A destruição de um relógio criado pelo relojoeiro francês Balthazar Martinot, fabricado no século 17 e doado pela corte real de Luis XIV a Dom João VI, que o trouxe ao Brasil em 1808. Há apenas dois exemplares no mundo. Agora só vai restar um, no Palácio de Versailles, na França. Em um gesto de fúria, séculos de história estilhaçados no chão, como se fosse possível apagar o tempo da história. Sabemos o quanto os tiranos temem os novos futuros, que, se são autênticos, nos abrem novas perguntas e esperanças. Essa destruição é sem esperança. Ela aniquila a história, a cultura e a memória. O relógio partido será uma peça chave no memorial que vamos precisar compor com estes restos.

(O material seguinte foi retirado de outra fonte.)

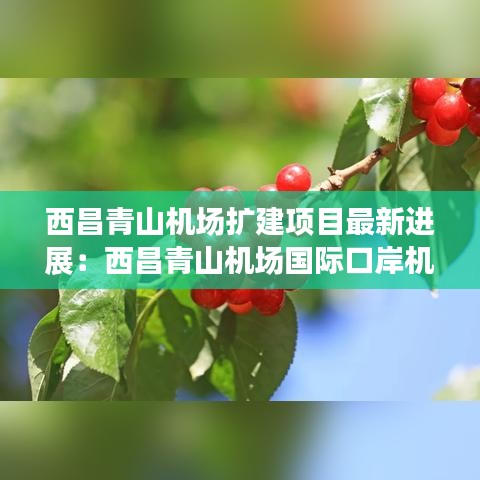 西昌青山机场扩建项目最新进展：西昌青山机场国际口岸机场建设 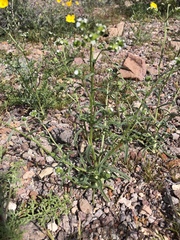 Cryptantha pterocarya
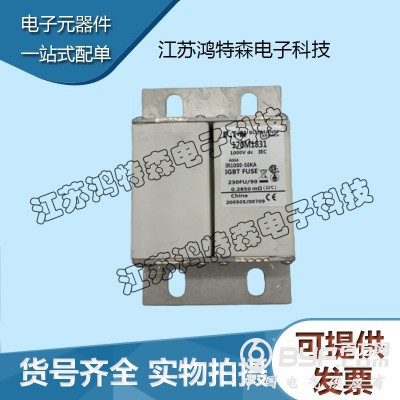 现货直销BUSSMANN巴斯曼快速熔断器模块170M1831图3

Outra menção que anoto aqui com grande pesar é a destruição de uma escultura de parede do artista Frans Krajcberg, de origem polonesa e naturalizado brasileiro. Esta obra tem o sugestivo titulo Galhos e Sombras e data de 1963. Krajcberg lutou na Segunda Guerra Mundial e participou da tomada de Berlim com os soviéticos. Chegou ao Brasil em 1948 e dedicou toda uma vida artística fascinado pela natureza no país. Sua obra sempre esteve atenta à defesa das florestas e dos territórios indígenas. Assim, podemos perceber o que significa simbolicamente mais essa violência, como se perdêssemos mais uma floresta. Krajcberg lembra, em alguns depoimentos, que ao ver uma árvore calcinada lembrava sempre da família que perdeu também calcinada nos campos de concentração nazista. Esse detalhe evidencia o valor testemunhal de cada uma de suas obras.

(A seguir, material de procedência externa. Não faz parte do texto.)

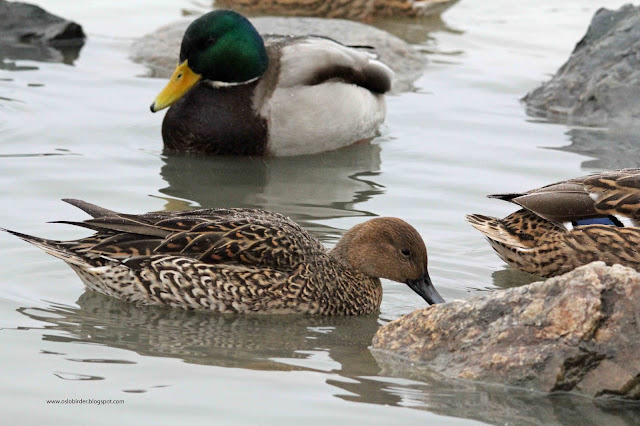 Oslo Iceland pintail%2BIMG 9854%2Bcopy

O inventário é imenso, e dói fazer registro de cada uma delas: O Flautista (1962) de Bruno Giorgi, escultura de bronze completamente destruída; A Bailarina (1920) de Victor Brecheret, escultura arrancada do pedestal e jogada ao chão; Bandeira do Brasil (1995), pintura de Jorge Eduardo que foi encontrada boiando n’água; Muro Escultórico (1976), de Athos Bulcão especialmente produzido para a Câmara do Deputados, perfurado em sua base; vasos de porcelana chineses e húngaros quebrados; móveis do século 19 e um tapete que pertenceu a Princesa Isabel danificados; além de muitas peças que sumiram na galeria de relíquias presenteadas por chefes de Estado.

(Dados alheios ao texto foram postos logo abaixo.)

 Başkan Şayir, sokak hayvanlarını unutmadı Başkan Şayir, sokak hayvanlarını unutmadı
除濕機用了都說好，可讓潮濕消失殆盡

Um domingo que tentou apagar o tempo e o espaço de um Brasil que sai muito ferido. Mas o tempo e o espaço resistem à fúria da massa de insanos. A teia da linguagem vai precisar ser recomposta, como evoca Primo Levi, sobrevivente dos campos nazistas, no poema intitulado Aracne, no qual escreve: “...E tecerei outra teia, conforme aquela que você rasgou, passante, conforme o projeto impresso na fita mínima de minha memória”.
Vamos precisar criar um memorial da destruição para que nosso tempo e o tempo das novas gerações que virão saibam o que foi este 8 de janeiro e que possamos voltar a sonhar com um Brasil em que democracia, cultura, arte, florestas e a linguagem sejam valores inegociáveis.